Le taux d’absentéisme atteint même 40 % dans la région parisienne. Une grande partie des entreprises interrogées (40 %) se plaignent de manquer de fournitures, par exemple de matériel d’emballage et de matières premières. Elles sont 70 % à faire état d’une hausse des prix en raison de difficultés de logistique et de transport. Leur bilan en subit les conséquences : près de quatre cinquièmes des entreprises voient leur chiffre d’affaires reculer et plus d’un quart prévoient des pertes de revenus de plus de 50 %.
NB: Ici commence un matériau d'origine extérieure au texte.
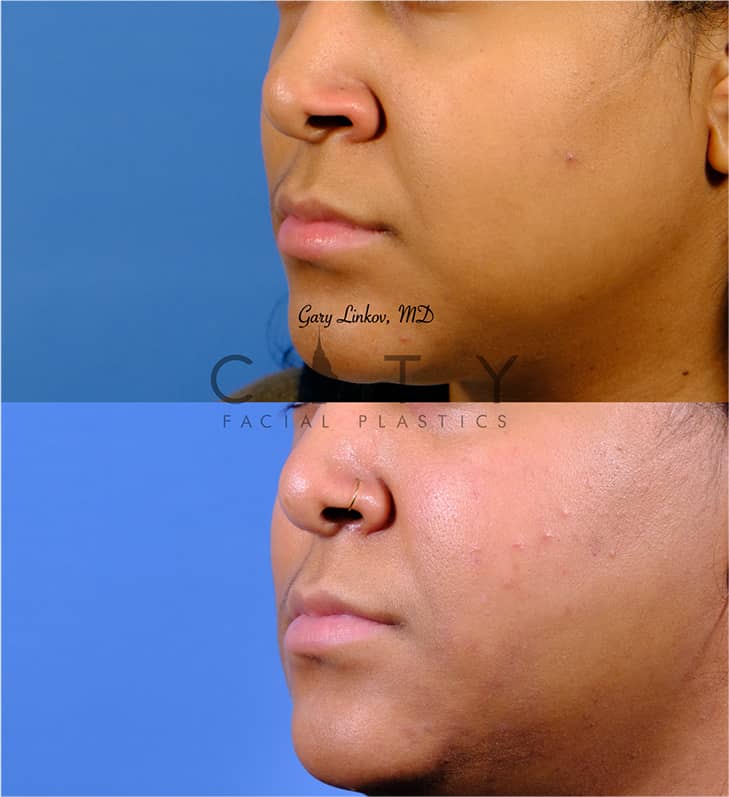NYC Nostril Reduction Before and After Pictures | New York | UES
Tous les acteurs du secteur mobilisés

Pendant ce temps, le gouvernement et les représentants de la branche agroalimentaire soulignent qu’il n’y a aucune pénurie de denrées – ce qu’on peut constater tous les jours en allant faire ses courses. La chaîne d’approvisionnement des supermarchés fonctionne :
Dans notre branche, qui emploie deux millions de personnes, tous les acteurs sont extraordinairement mobilisés”, déclare Catherine Chapalain, présidente de l’Ania.
Les conflits habituels entre agriculteurs et grande distribution sont remis à plus tard, ajoute-t-elle.
Peu avant le début du confinement, les Français faisaient des stocks, mais la situation est revenue à la normale depuis. Le chiffre d’affaires des supermarchés augmente parce que les gens ne vont plus au restaurant. Certains établissements misent sur la livraison à domicile, mais la situation demeure tendue. Certaines coopératives de céréales maintiennent leurs prix par solidarité malgré l’augmentation de la demande. Ce n’est cependant pas le cas de tout le monde : certains transporteurs tentent de faire monter leurs prix en invoquant notamment les risques encourus par leurs employés.

Les produits frais boudés

Les entreprises appellent donc le gouvernement à leur procurer davantage de masques et de vêtements de protection. Le secteur le plus touché est la pêche. Les bateaux qui approvisionnaient les restaurants ne sortent plus. Et le rayon poissonnerie des supermarchés est souvent désert : les consommateurs évitent les produits à base de poisson. Il en va de même pour les rayons charcuterie et fromage. Inquiet de l’explosion de la consommation de produits de longue conservation, Didier Guillaume, le ministre de l’Agriculture, a donc lancé aux Français : “Il faut manger des produits frais”, c’est bon pour la santé.